# Coverings of a rectangle

How many coverings of the rectangle with height $1$ and length $n$ exist, if we use only tiles with height $1$ of the following 6 types:

The solution should be in a closed form (formula).

define $U(n)$ to be the number of coverings for the $1\times n$ rectangle with the bottom right corner cut off.

Define $T(n)$ to be the number of coverings for the $1\times n$ rectangle with the top right corner cut off.
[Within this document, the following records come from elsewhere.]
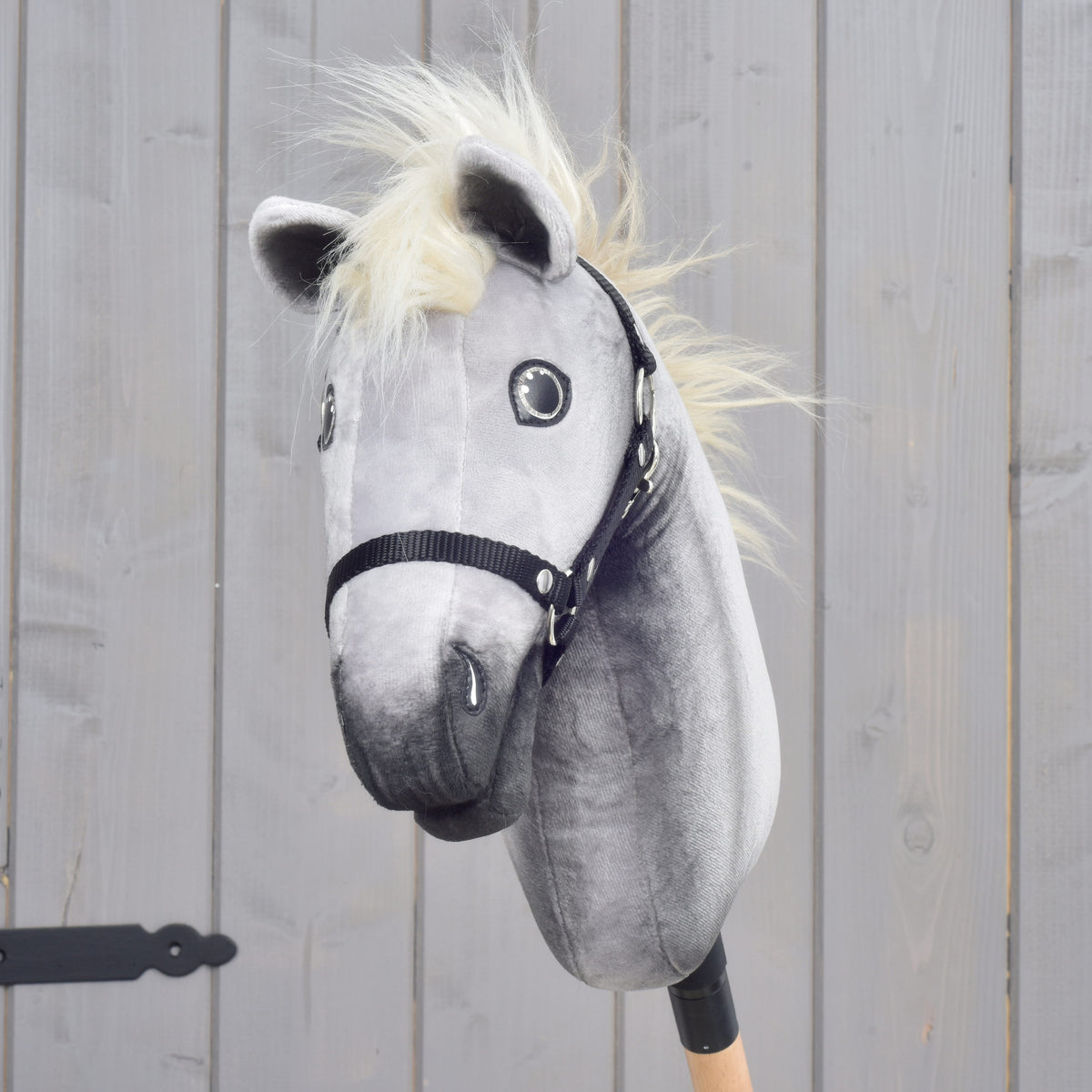 A szürke Silver Dream Hobby Horse ló szemből: sötétebb árnyalatú orr, dús krémszínű sörény és fekete nejlon kötőfék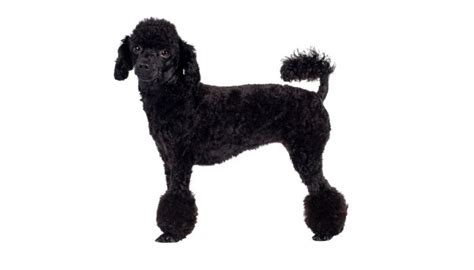 Why do poodles have that haircut?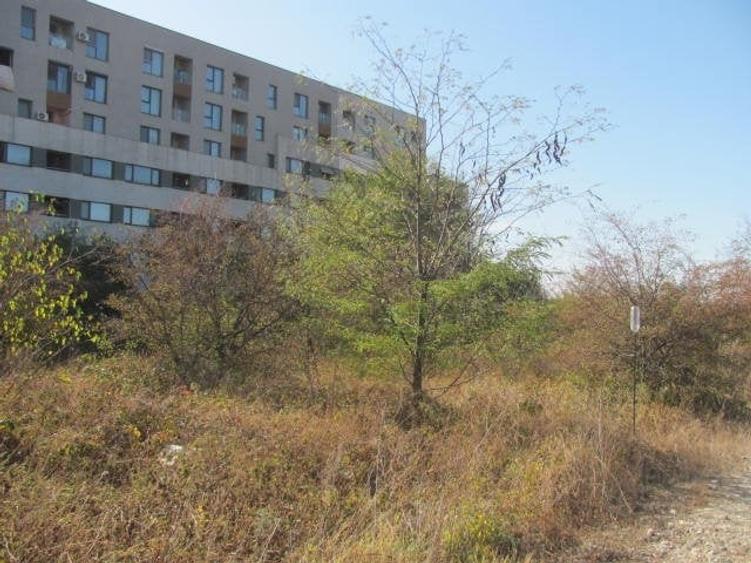 prelungirea Ghencea Iernii - 3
Define $R(n)$ to be the number of coverings for the $1\times n$ tectangle.

We have $T(n)=R(n-1)$ since the covering must end in a triangle.

We have $U(n)=R(n-1)+U(n-1)$ since the covering can end in a paralelogram or a triangle.

We have $R(n)=T(n)+U(n)+R(n-1)$ depending on which of the three options is used to finish the covering.

Now we just need to know that $U(1)=1,T(1)=1,R(1)=3$ and we can compute any other value with the previous recursion.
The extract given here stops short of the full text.